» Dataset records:
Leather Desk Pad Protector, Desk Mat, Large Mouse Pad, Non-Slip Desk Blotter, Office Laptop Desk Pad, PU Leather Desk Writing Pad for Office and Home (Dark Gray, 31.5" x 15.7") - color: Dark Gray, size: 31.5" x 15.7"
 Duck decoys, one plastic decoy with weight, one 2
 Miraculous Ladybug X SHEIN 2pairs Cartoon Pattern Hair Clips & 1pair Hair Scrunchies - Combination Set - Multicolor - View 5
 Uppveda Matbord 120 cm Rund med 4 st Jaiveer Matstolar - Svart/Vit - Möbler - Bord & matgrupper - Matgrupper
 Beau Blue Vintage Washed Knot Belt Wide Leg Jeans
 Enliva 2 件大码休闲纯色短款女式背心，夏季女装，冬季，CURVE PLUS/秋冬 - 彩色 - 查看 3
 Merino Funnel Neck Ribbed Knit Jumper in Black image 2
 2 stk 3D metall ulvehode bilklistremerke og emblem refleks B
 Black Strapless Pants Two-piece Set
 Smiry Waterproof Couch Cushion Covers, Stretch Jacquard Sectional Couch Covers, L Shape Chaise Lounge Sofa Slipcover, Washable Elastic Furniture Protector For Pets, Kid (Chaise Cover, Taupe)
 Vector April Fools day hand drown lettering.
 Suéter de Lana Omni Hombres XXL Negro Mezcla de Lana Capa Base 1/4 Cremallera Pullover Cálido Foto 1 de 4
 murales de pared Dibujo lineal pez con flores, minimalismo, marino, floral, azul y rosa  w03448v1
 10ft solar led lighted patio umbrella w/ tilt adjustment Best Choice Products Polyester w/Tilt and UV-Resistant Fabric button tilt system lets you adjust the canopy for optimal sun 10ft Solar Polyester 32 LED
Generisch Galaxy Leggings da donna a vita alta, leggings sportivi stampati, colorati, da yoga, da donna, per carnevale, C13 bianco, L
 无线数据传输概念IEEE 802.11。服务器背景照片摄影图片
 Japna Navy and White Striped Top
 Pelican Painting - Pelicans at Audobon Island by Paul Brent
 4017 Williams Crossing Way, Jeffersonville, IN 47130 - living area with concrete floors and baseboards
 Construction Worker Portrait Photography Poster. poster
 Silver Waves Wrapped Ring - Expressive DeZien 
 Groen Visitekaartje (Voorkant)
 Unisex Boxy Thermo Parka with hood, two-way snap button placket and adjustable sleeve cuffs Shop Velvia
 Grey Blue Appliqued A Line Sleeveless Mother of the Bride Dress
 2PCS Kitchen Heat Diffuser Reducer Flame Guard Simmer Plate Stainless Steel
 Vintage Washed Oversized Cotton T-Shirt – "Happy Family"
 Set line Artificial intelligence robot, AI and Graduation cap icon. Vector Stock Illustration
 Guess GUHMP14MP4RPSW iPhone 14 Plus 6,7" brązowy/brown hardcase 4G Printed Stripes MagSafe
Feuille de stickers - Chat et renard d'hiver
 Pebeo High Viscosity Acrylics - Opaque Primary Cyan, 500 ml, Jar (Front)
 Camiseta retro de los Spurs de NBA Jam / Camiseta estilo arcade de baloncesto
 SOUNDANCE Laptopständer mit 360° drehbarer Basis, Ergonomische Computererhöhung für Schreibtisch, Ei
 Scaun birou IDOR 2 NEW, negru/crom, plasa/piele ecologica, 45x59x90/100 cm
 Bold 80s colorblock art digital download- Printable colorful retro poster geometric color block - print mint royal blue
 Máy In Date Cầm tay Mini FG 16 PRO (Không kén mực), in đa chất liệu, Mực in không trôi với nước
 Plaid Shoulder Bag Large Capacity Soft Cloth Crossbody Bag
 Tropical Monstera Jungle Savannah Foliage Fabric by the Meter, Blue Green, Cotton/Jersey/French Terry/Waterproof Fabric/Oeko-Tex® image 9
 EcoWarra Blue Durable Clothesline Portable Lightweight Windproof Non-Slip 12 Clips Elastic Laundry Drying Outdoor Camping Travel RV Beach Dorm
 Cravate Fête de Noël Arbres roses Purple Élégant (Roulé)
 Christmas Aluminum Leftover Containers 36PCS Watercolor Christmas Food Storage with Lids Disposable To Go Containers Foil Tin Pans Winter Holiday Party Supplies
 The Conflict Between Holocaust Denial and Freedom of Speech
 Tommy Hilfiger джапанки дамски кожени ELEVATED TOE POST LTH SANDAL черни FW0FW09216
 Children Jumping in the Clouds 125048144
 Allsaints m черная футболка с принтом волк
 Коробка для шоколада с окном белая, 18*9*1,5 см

» Assignment: In the entries above, restate word for word the lines between the one holding "Grey Blue Appliqued" and the one holding "Cravate Fête de", inclusive, and nothing besides.

» Solution to this problem:
 Grey Blue Appliqued A Line Sleeveless Mother of the Bride Dress
 2PCS Kitchen Heat Diffuser Reducer Flame Guard Simmer Plate Stainless Steel
 Vintage Washed Oversized Cotton T-Shirt – "Happy Family"
 Set line Artificial intelligence robot, AI and Graduation cap icon. Vector Stock Illustration
 Guess GUHMP14MP4RPSW iPhone 14 Plus 6,7" brązowy/brown hardcase 4G Printed Stripes MagSafe
Feuille de stickers - Chat et renard d'hiver
 Pebeo High Viscosity Acrylics - Opaque Primary Cyan, 500 ml, Jar (Front)
 Camiseta retro de los Spurs de NBA Jam / Camiseta estilo arcade de baloncesto
 SOUNDANCE Laptopständer mit 360° drehbarer Basis, Ergonomische Computererhöhung für Schreibtisch, Ei
 Scaun birou IDOR 2 NEW, negru/crom, plasa/piele ecologica, 45x59x90/100 cm
 Bold 80s colorblock art digital download- Printable colorful retro poster geometric color block - print mint royal blue
 Máy In Date Cầm tay Mini FG 16 PRO (Không kén mực), in đa chất liệu, Mực in không trôi với nước
 Plaid Shoulder Bag Large Capacity Soft Cloth Crossbody Bag
 Tropical Monstera Jungle Savannah Foliage Fabric by the Meter, Blue Green, Cotton/Jersey/French Terry/Waterproof Fabric/Oeko-Tex® image 9
 EcoWarra Blue Durable Clothesline Portable Lightweight Windproof Non-Slip 12 Clips Elastic Laundry Drying Outdoor Camping Travel RV Beach Dorm
 Cravate Fête de Noël Arbres roses Purple Élégant (Roulé)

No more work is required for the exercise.